## PROBLEM REQUIREMENTS
Each line in the material below, starting at the one with "33cm Capybara Plüschtier" and ending at the one with "Pretty summer background", is to be reproduced exactly; no picture is to be copied.

## MATERIAL SHOWN
::::::

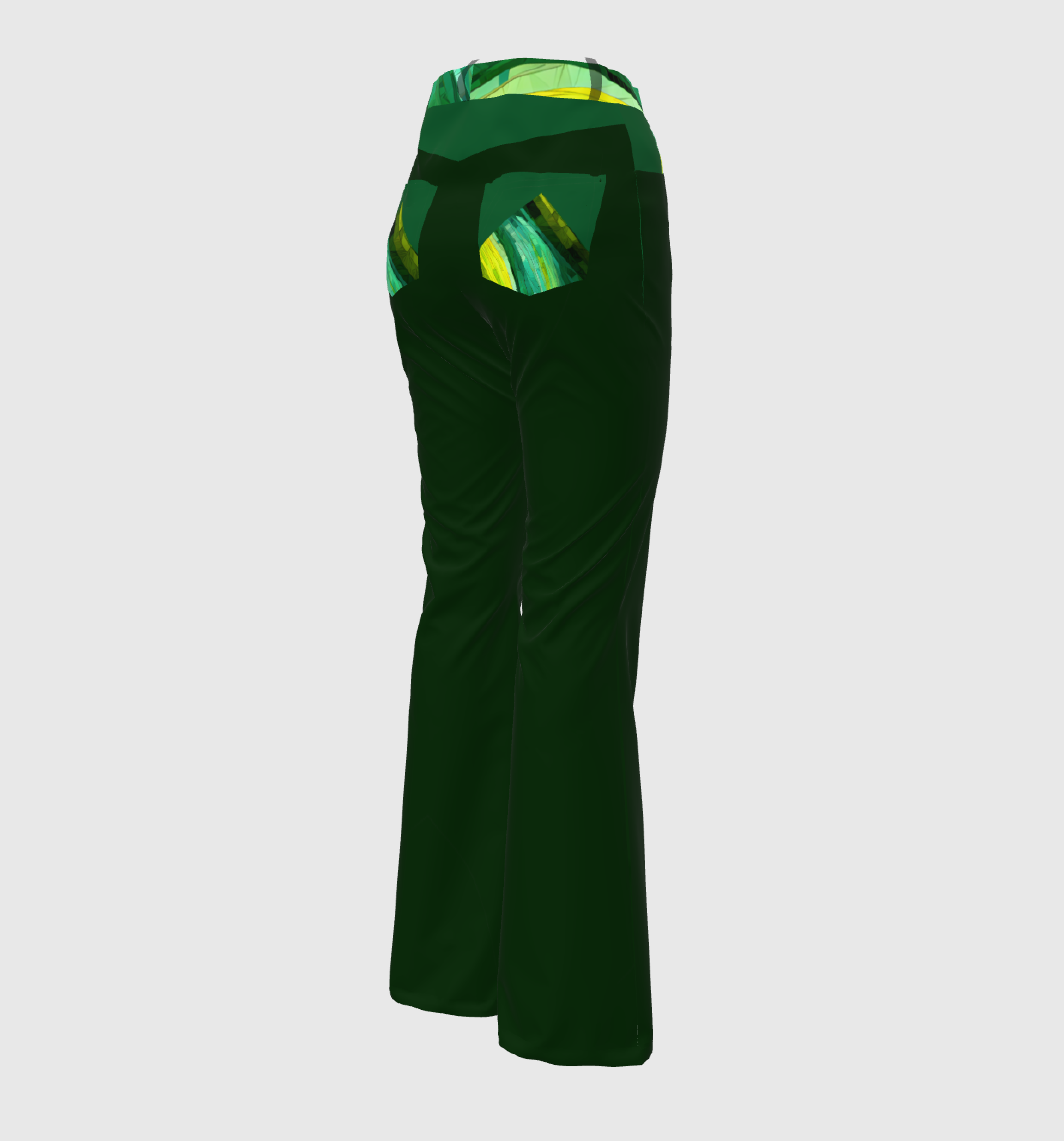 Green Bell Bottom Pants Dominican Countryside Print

::::::

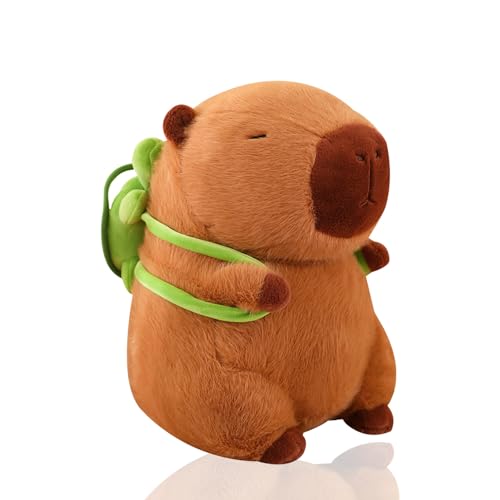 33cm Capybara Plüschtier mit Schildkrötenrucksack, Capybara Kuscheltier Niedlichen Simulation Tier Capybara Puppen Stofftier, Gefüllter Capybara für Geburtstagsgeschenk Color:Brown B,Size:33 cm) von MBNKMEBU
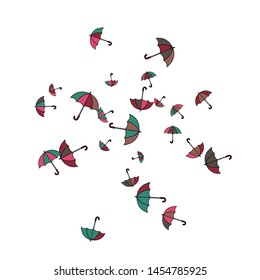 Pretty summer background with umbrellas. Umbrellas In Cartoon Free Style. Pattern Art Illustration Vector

::::::

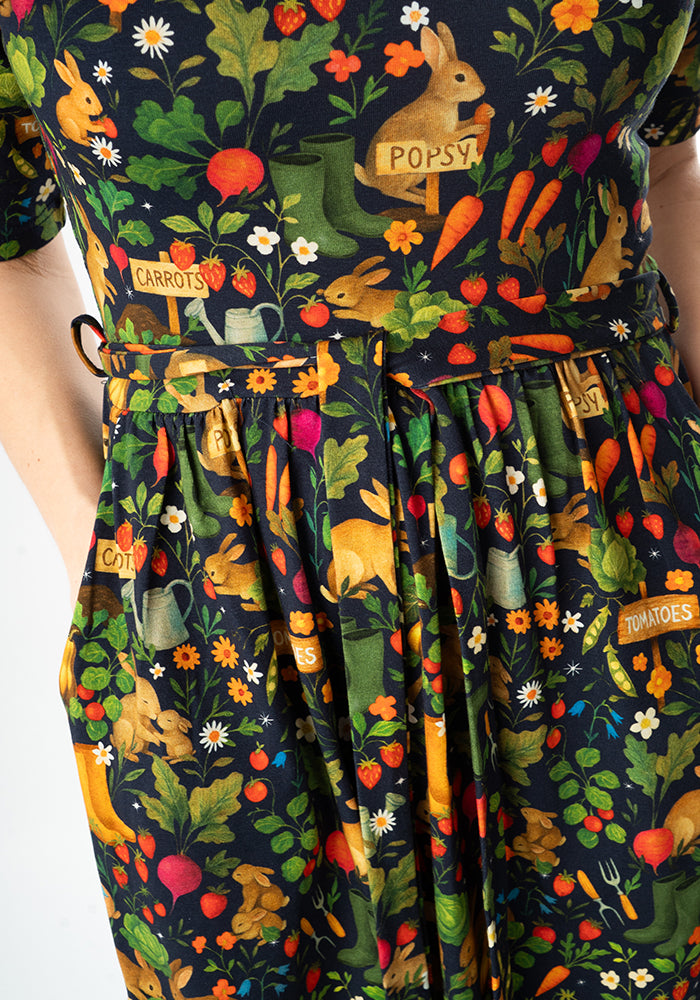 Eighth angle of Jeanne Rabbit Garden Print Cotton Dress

::::::

## RESULT FOR THIS EXERCISE
 33cm Capybara Plüschtier mit Schildkrötenrucksack, Capybara Kuscheltier Niedlichen Simulation Tier Capybara Puppen Stofftier, Gefüllter Capybara für Geburtstagsgeschenk Color:Brown B,Size:33 cm) von MBNKMEBU
 Pretty summer background with umbrellas. Umbrellas In Cartoon Free Style. Pattern Art Illustration Vector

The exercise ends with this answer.